Identification of dehydration responsive genes from two non-nodulated alfalfa cultivars using Medicago truncatula microarrays

  • Dong Chen
  • Ming-Xiang Liang
  • Daryll DeWald
  • Bart Weimer
  • Michael D. Peel
  • Bruce Bugbee
  • Jacob Michaelson
  • Elizabeth Davis
  • Yajun Wu
Original Paper


To have a comprehensive understanding of how legume plants respond to drought at the gene expression level and examine whether legume plants that are not fixing nitrogen would behave similar to non-legume plants in drought response, transcriptomes were studied in two non-nodulated alfalfa (Medicago sativa L.) cultivars, Ladak and 53V08, when plants were subjected to dehydration stress. Two heat shock-related protein genes were up-regulated in the 3-h stressed shoots in both cultivars.

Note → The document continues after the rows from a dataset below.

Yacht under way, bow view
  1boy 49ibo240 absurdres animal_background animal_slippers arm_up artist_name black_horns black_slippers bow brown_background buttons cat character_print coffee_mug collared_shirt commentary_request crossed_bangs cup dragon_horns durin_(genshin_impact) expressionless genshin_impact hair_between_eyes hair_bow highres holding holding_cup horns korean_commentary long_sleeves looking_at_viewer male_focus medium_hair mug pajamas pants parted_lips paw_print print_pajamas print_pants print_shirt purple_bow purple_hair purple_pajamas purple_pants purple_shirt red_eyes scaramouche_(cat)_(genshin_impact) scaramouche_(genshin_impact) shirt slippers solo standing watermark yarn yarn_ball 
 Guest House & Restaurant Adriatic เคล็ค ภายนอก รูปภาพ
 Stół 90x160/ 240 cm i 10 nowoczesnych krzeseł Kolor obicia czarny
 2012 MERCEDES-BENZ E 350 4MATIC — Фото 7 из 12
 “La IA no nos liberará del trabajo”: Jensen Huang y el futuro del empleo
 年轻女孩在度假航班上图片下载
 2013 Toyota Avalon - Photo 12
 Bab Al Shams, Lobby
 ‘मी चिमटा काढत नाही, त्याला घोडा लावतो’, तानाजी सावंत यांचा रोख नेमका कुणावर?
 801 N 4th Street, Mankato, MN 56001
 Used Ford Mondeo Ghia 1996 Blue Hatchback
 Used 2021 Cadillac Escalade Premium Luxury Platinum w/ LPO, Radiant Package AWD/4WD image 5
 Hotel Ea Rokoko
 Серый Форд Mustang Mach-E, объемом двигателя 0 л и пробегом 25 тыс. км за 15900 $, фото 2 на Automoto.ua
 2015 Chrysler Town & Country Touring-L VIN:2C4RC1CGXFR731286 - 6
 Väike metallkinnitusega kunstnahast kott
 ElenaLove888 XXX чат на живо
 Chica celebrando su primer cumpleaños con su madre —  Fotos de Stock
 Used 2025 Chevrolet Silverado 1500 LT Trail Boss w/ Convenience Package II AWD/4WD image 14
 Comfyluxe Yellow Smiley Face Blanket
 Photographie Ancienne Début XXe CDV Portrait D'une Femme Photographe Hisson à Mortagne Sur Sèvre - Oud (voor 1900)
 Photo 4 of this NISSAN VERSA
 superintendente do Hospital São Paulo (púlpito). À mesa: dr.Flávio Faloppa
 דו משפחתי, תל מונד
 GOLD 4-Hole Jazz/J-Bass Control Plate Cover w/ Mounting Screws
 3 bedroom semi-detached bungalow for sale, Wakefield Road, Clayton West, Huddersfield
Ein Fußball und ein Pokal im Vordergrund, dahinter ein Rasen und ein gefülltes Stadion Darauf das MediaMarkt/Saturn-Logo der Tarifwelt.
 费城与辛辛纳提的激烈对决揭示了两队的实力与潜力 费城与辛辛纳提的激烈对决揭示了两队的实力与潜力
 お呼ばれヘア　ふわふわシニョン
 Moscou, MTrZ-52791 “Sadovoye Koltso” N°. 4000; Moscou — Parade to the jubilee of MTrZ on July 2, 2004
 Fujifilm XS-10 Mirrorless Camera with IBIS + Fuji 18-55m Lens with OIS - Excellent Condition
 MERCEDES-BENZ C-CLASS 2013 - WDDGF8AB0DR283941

One of them was also up-regulated in the 8-h stressed shoots, along with dehydrin and LEA. A xyloglucan endotransglycosylase and a gene with unknown function were down-regulated in both 3- and 8-h stressed shoots. In roots, nearly half of the 55 genes commonly up-regulated at 3 h are involved in pathogen resistance, insect defense and flavonoid synthesis, which differs from other dehydration-responsive transcriptomes in the literature. Many known drought-responsive genes, such as LEA and dehydrin, were up-regulated after 8 h of treatment. The genes encoding caffeoyl-CoA O-methyl transferase and dirigent were up-regulated in the 3-h stressed roots, while two aquaporin genes were down-regulated, suggesting that lignification and prevention of water loss in roots in initial dehydration stress is a common strategy for both cultivars. The results also indicate the involvement of some specific signal transduction pathways, osmotic adjustment and ion homeostasis regulation during dehydration response. Besides those known dehydration-responsive genes in the literature, some dehydration responses and genes in alfalfa appear to be unique. Our results provide valuable insight into a comprehensive understanding of dehydration response in alfalfa at the molecular level.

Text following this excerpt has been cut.